→ **Data shown**:
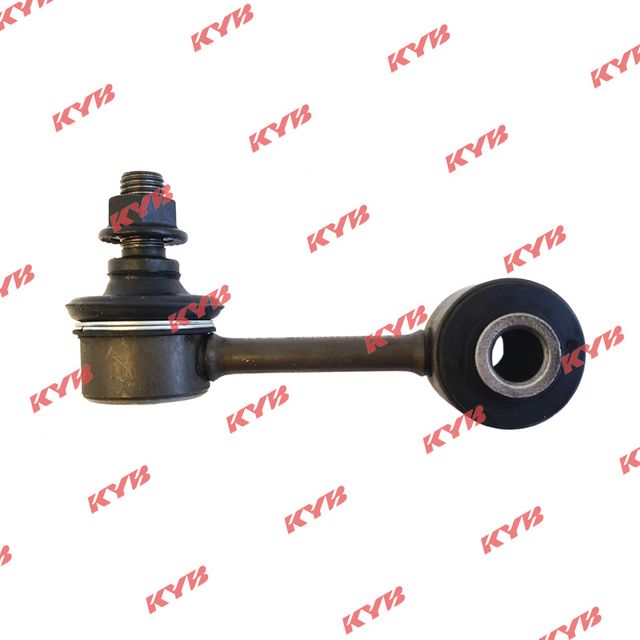 Стойка (тяга) стабилизатора KYB SSP задняя для Kia Pride I 1990-2001. Артикул KSLR1055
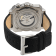 GV2 Men's XO Sub SS Case, SS/GRN Bezel, Green dial, Genuine Black Canvas Strap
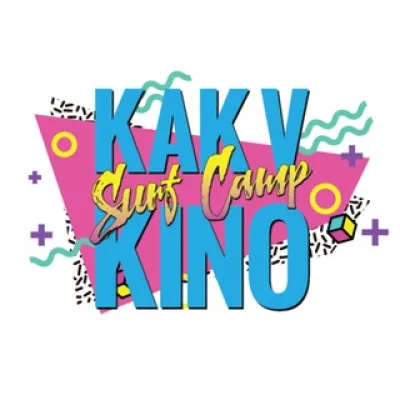 SURF CAMP КАК В КИНО 🌊🥷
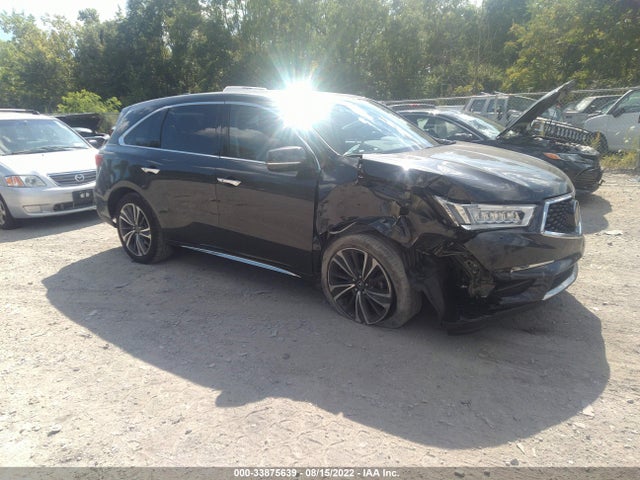 2020 Acura MDX, VIN: 5J8YD4H57LL019342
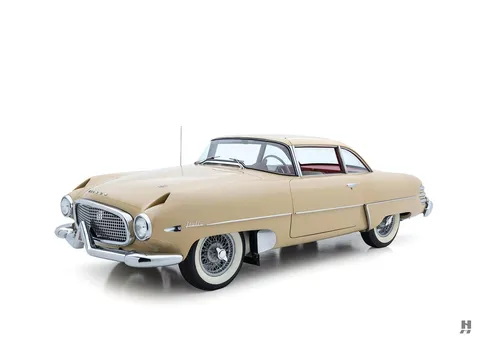 1954 Hudson Italia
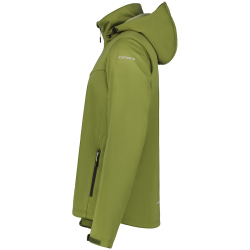 ICEPEAK Biggs Softshelljacke Herren 582 - dark olive 52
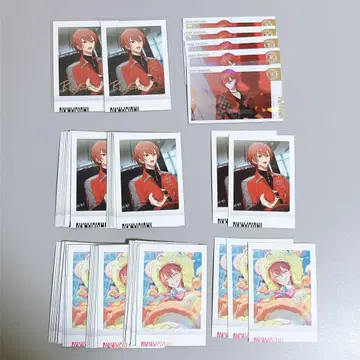 니시조노 렌가 렌가 에이트 TRIP 18TRIP 파샤코레 금박 노멀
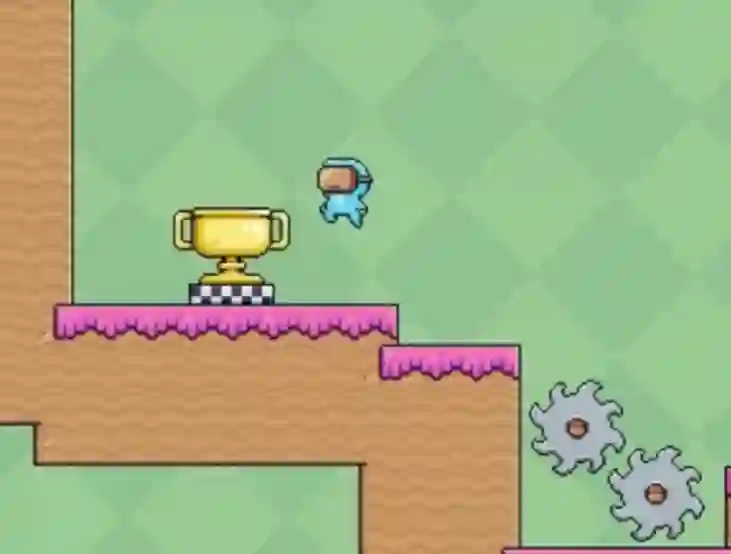 لعبة Martian Mayhem على الانترنت
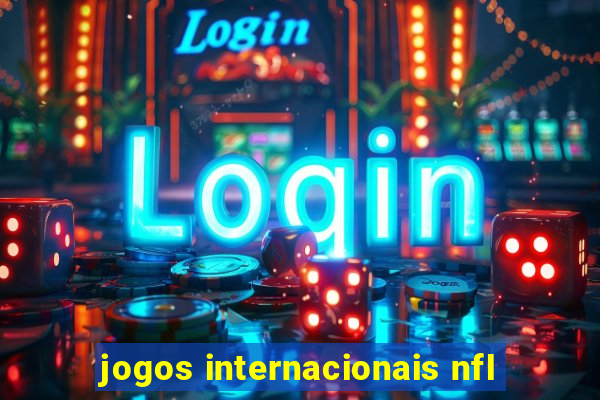 jogos internacionais nfl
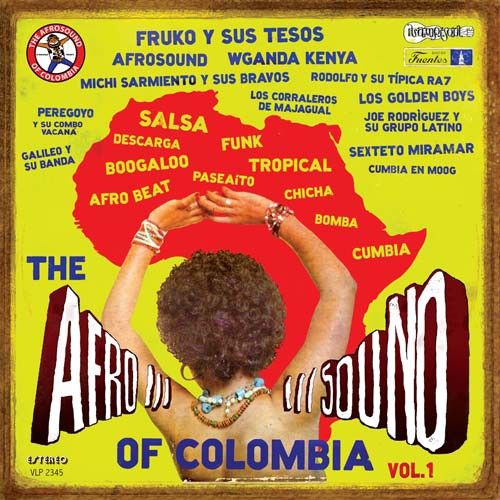 V/A - Afrosound Of Colombia (3 Discos)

→ **Task statement**:
The records above, minus their pictures, are to be returned verbatim.

→ **Exercise solution**:
 Стойка (тяга) стабилизатора KYB SSP задняя для Kia Pride I 1990-2001. Артикул KSLR1055
 GV2 Men's XO Sub SS Case, SS/GRN Bezel, Green dial, Genuine Black Canvas Strap
 SURF CAMP КАК В КИНО 🌊🥷
 2020 Acura MDX, VIN: 5J8YD4H57LL019342
 1954 Hudson Italia
 ICEPEAK Biggs Softshelljacke Herren 582 - dark olive 52
 니시조노 렌가 렌가 에이트 TRIP 18TRIP 파샤코레 금박 노멀
 لعبة Martian Mayhem على الانترنت
 jogos internacionais nfl
 V/A - Afrosound Of Colombia (3 Discos)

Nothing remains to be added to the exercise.